Administer orally at approximately the same time each day, either on an empty stomach or with a low-fat meal (e.g., a meal containing approximately 400 calories with fat accounting for less than 25% of the total energy).

The tablets should be swallowed whole. Alternatively, the tablets can be crushed, mixed with water, and administered within 2 hours.

Dosage

The dosage shall be determined based on the patient's body weight and concurrent use of strong CYP3A4 inhibitors.

If a strong CYP3A4 inhibitor is discontinued, wait for at least 5 half-lives of the inhibitor to elapse in the body before increasing the dose of Revumenib to the standard recommended dose for patients not receiving strong CYP3A4 inhibitors.

If a dose is missed, take the missed dose as soon as possible on the same day, with an interval of at least 12 hours between the missed dose and the next scheduled dose. Resume the regular dosing schedule the following day.

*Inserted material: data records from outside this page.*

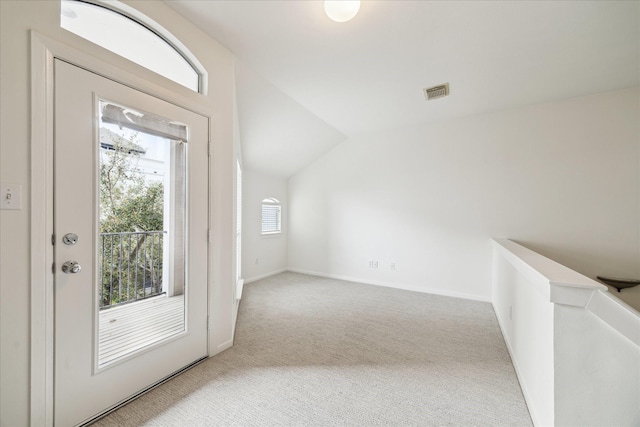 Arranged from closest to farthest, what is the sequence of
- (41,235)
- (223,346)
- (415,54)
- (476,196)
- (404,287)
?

Do not take two doses within 12 hours.

The marketed formulation of this product is Revumenib Citrate, and the dosage is calculated as Revumenib base.

Pediatric Patients

Relapsed or Refractory Acute Leukemia with KMT2A Gene Translocation

Oral Dosage

Pediatric patients aged ≥ 1 year, weighing < 40 kg, not receiving strong CYP3A4 inhibitors: The recommended dose is 160 mg/m² body surface area (BSA), twice daily. For the total recommended tablet dose based on BSA in patients weighing < 40 kg, refer to the package insert.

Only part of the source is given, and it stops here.